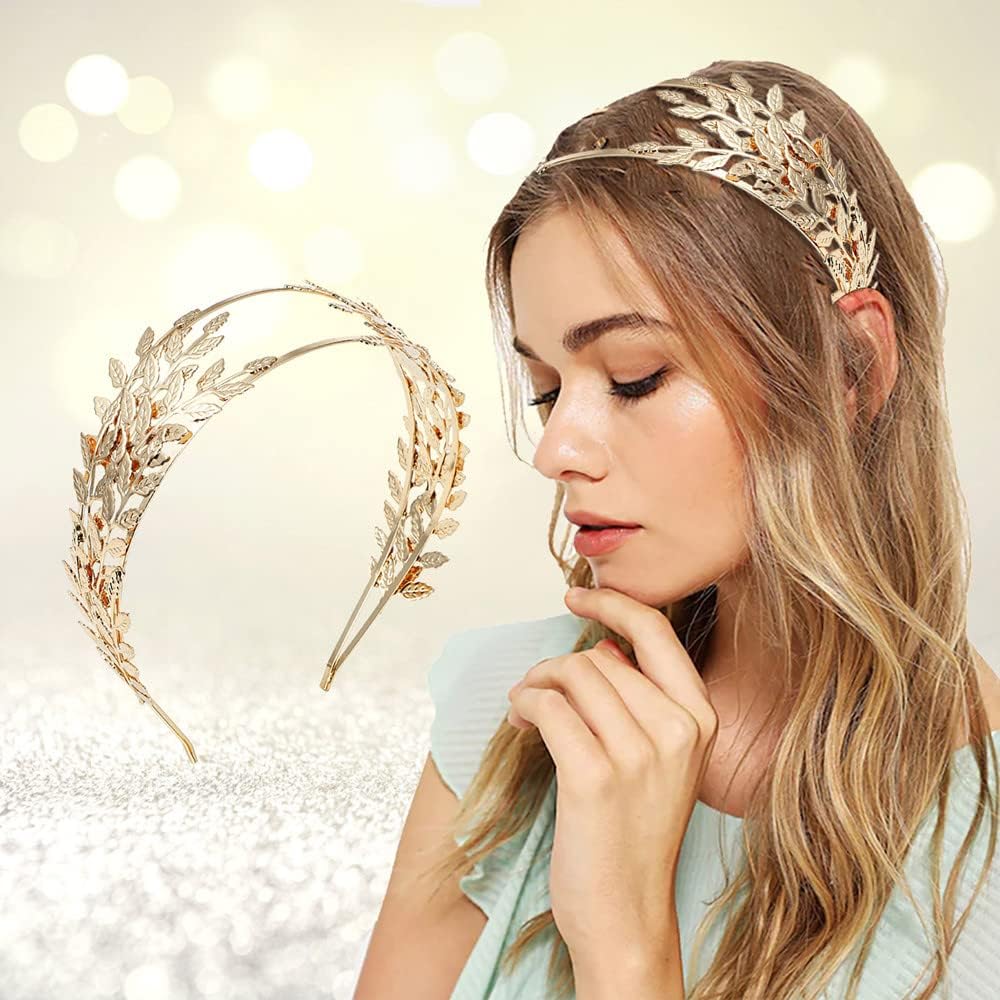 KIPETTO Greek Roman Goddess Gold Leaf Crown Bridal Wedding Headband - Image 5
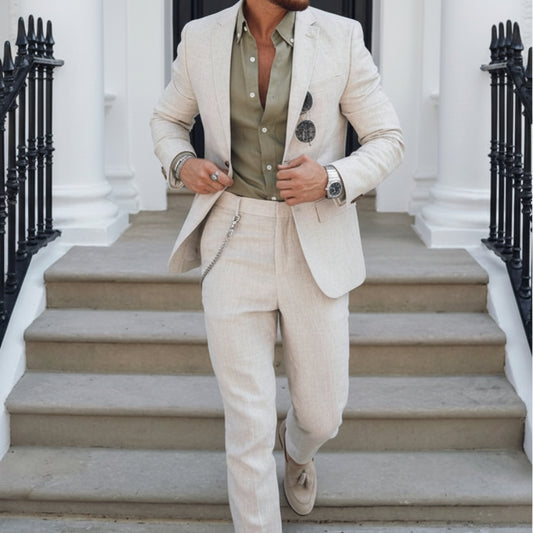 Men's Linnen Slim Fit Business Suit | Formal Wear - Image 1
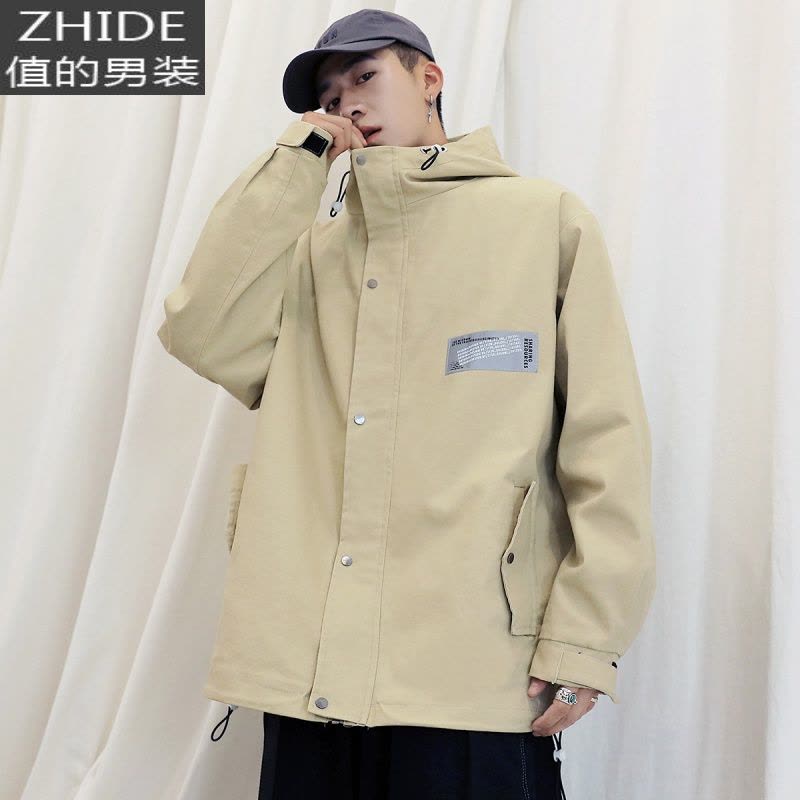 SUNTEK工装夹克男加肥加大码潮牌胖子连帽外套宽松上衣服春秋款日系复古夹克图片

== TASK BRIEF ==
Omit the pictures and reproduce the remaining material above exactly.

== COMPLETED EXERCISE ==
 KIPETTO Greek Roman Goddess Gold Leaf Crown Bridal Wedding Headband - Image 5
 Men's Linnen Slim Fit Business Suit | Formal Wear - Image 1
 SUNTEK工装夹克男加肥加大码潮牌胖子连帽外套宽松上衣服春秋款日系复古夹克图片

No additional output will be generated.